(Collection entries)
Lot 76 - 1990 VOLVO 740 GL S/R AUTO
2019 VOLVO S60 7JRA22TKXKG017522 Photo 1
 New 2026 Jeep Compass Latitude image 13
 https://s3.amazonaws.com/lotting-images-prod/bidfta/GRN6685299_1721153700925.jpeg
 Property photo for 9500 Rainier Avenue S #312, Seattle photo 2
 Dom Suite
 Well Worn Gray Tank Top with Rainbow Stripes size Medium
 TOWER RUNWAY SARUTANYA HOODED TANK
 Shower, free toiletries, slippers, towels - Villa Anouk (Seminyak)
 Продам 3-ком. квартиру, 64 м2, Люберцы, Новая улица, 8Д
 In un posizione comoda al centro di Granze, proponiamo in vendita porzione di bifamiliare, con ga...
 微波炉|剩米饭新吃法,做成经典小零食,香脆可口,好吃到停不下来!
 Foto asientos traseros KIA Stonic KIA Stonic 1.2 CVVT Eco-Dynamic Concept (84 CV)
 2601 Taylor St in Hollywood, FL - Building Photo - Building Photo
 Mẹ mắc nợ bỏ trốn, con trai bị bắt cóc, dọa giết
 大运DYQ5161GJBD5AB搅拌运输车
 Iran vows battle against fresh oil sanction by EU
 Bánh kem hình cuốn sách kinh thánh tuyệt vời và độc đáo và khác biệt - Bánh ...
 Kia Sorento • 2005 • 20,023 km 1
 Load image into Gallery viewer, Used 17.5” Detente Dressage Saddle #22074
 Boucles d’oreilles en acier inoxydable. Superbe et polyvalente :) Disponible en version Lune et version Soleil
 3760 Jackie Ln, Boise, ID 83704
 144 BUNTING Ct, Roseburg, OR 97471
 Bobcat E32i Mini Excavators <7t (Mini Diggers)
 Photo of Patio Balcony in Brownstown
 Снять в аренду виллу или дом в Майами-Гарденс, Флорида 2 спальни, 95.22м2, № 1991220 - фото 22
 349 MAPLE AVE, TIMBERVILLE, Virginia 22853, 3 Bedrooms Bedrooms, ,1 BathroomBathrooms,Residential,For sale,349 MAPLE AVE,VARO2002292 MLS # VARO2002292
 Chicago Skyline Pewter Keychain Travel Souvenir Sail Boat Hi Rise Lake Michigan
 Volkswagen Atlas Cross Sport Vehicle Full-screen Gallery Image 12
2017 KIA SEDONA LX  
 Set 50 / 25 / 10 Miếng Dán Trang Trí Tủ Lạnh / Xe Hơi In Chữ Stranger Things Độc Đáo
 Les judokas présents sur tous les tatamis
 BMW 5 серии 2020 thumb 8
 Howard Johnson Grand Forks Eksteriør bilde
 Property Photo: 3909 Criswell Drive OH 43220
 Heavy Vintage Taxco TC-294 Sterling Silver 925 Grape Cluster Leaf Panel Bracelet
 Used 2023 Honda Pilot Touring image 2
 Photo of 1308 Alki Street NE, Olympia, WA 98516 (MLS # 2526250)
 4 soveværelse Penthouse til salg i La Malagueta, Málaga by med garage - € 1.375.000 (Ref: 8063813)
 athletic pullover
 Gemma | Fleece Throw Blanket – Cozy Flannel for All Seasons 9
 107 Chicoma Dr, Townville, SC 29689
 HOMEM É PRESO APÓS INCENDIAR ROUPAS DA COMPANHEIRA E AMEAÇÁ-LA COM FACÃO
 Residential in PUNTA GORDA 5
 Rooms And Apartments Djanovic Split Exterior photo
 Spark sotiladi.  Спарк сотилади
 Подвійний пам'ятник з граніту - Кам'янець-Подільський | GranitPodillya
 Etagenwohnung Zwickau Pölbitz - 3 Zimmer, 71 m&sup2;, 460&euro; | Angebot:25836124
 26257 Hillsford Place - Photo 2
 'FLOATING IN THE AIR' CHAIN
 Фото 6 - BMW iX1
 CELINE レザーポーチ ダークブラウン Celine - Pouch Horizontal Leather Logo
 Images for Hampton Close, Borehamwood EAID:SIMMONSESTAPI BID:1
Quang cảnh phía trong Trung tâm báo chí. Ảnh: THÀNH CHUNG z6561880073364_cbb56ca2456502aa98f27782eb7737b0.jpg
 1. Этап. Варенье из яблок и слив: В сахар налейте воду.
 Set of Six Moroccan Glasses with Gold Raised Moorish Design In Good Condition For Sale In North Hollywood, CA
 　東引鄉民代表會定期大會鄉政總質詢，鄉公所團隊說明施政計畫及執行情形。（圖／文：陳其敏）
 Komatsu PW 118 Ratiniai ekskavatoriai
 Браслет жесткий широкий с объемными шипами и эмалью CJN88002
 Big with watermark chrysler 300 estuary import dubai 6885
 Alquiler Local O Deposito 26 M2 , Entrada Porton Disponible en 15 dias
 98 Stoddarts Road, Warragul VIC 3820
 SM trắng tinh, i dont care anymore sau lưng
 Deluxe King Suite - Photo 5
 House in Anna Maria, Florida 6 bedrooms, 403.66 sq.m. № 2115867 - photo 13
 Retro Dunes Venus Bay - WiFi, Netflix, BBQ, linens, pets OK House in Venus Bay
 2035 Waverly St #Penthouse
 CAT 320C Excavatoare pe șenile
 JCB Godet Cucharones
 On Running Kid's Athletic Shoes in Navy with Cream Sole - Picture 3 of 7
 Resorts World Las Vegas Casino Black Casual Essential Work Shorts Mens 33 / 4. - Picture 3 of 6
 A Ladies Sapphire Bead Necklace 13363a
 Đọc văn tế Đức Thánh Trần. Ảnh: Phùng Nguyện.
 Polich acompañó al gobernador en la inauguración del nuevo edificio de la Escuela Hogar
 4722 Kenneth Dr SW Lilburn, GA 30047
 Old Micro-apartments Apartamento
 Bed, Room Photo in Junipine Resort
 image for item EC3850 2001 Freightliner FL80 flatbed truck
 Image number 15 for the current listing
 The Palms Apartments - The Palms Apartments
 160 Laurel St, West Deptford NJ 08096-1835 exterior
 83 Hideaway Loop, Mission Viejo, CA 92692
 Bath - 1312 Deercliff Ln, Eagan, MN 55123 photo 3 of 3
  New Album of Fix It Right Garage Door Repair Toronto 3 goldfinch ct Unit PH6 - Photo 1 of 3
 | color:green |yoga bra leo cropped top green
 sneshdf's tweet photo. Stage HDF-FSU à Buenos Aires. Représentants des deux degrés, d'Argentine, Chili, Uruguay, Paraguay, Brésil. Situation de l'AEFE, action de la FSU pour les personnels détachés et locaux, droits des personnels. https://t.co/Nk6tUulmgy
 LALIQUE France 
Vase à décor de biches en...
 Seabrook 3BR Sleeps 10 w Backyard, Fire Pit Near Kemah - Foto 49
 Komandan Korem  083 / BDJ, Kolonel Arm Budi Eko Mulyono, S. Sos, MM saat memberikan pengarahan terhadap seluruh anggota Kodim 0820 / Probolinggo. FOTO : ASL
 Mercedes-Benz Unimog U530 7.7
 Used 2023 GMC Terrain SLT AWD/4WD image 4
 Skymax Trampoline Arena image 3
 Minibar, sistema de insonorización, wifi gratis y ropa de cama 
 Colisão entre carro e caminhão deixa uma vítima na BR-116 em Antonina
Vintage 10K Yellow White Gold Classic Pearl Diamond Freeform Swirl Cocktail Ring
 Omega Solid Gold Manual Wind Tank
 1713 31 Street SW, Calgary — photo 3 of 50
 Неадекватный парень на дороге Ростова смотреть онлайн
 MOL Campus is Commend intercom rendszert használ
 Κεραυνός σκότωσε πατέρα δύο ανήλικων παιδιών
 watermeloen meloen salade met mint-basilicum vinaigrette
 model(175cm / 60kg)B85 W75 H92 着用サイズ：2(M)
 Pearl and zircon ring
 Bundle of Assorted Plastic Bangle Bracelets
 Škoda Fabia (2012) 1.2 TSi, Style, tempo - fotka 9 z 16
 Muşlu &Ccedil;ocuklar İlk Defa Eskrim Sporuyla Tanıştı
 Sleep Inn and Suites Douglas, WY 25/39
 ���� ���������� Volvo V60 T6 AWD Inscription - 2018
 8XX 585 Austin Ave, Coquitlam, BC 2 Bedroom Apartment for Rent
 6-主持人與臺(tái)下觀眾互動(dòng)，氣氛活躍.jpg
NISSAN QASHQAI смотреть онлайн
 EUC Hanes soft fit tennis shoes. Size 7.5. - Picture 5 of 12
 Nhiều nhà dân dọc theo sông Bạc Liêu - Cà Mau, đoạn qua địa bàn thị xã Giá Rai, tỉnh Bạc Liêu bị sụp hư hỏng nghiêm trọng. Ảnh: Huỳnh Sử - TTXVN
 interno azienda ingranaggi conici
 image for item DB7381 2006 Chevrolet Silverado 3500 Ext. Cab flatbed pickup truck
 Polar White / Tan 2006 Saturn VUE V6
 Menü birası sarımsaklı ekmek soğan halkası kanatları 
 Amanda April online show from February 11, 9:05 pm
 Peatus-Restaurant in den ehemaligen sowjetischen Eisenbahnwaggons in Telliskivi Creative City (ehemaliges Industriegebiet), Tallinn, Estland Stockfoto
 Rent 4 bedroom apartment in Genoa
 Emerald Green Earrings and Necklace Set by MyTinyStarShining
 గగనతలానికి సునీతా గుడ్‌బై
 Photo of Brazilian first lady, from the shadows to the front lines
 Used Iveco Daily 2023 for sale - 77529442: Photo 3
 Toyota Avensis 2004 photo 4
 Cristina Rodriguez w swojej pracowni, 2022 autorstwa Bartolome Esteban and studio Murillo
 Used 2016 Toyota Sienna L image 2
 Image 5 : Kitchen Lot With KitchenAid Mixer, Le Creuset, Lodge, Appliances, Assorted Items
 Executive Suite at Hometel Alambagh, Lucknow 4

**Requirement**. Among the entries, count how many lines hold the string "https", then state only that number.

**Output for this exercise**. 2